True to form of being totally transparent, we got in a fight this morning and even though I tried really super hard to stay centered and be loving and supportive of Henry I actually pretty much lost it and left the house while he was in the shower. I went over to some friend’s house to watch football and get some emailing done that I needed to do. And I came home at half time and he hasn’t talked to me since.
So I’m feeling all kinds of things. I want to get mad at him and go into the goal of revenge but that’s what I used to do and I’m working SO hard on changing. I want to fall into a power struggle with him and demand that he turn down the TV right now. I want to ignore him now and act like I don’t care. But I DO care.
And so what I’m doing right now as I write this is I’m tapping into my feelings. It’s what our coach Judy would tell me to do. I’m feeling sad and abandoned. Because when I was little my parents would disappear emotionally from me. So having someone shut down on me is the most horrific thing that can happen to me. I feel like that little girl who would do ANYTHING to get her parents to notice her.
Triggers are interesting things. They come from the part of our brain commonly called the “lizard brain.” It’s the part of our brain which has not evolved over thousands of years. So when that part of the brain that feels the emotions set in place during childhood, the brain doesn’t know I’m 56, it just knows something happened that feels like it used to when I was small.
It takes considerable presence and self awareness and self love to become the “Observer” and watch the pain, feel it in the present and honor the inner child…the one Judy describes as bleeding on the sidewalk. To stop and sit down with my little “me” and love her and comfort her.
The most important thing to do is not act on the pain. Well, I did earlier because I was feeling all righteous and angry and I wanted to punish Henry for what felt like being mean to me. So I guess he gets to feel righteous and angry and want to punish me for walking out on him.
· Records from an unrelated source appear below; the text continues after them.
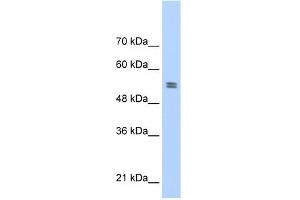 WB Suggested Anti-PTBP1 Antibody Titration:  0. (PTBP1 抗体  (N-Term))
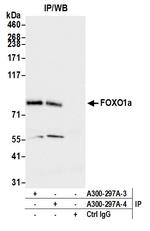 FOXO1a Antibody in Immunoprecipitation (IP)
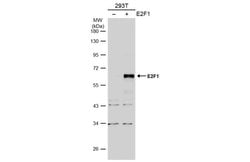 Invitrogen E2F1 Polyclonal Antibody 100 &mu;L; Unconjugated:Antibodies,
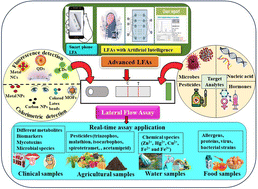 Graphical abstract: Progress of lateral flow assays for the detection of molecular and microbial species: from basic formats to microfluids, CRISPR and artificial intelligence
But now. Now I will feel so sad. As Judy would say, it makes sense Ii would feel so sad right now. I had a history of being shut out (in reality, my parents were just dealing with their own inner pain and didn’t ever have any idea that going inside themselves felt like terrifying abandonment to me) So I am in my favorite chair listening to some healing music with binaural beats for removing subconscious blockages (How’s that for intentional?) and writing.
I’m glad I’ve got this blog. I can’t write in a journal to save my life but I can write here. And I think this will help me heal and grow more than almost anything I will do in my life…besides the intense work we’re doing with Judy of course.
So I honor little Kasey. And by writing this I’m sitting down with her and stroking her hair and saying gosh it was sad back then wasn’t it? But I”m here now to help you through those old moments and to be the grown up and help you feel safe and loved.
And then of course the greatest thing I can do is recognize that Henry is also feeling huge pain and although it looks like something scary to my inner child, he just wants love in the end too. And I DO love him so. And God brought us together so we can relive our childhoods in a new and healing way and trigger each other and grow in love. (But believe me, I’m still human and this is tough stuff!!)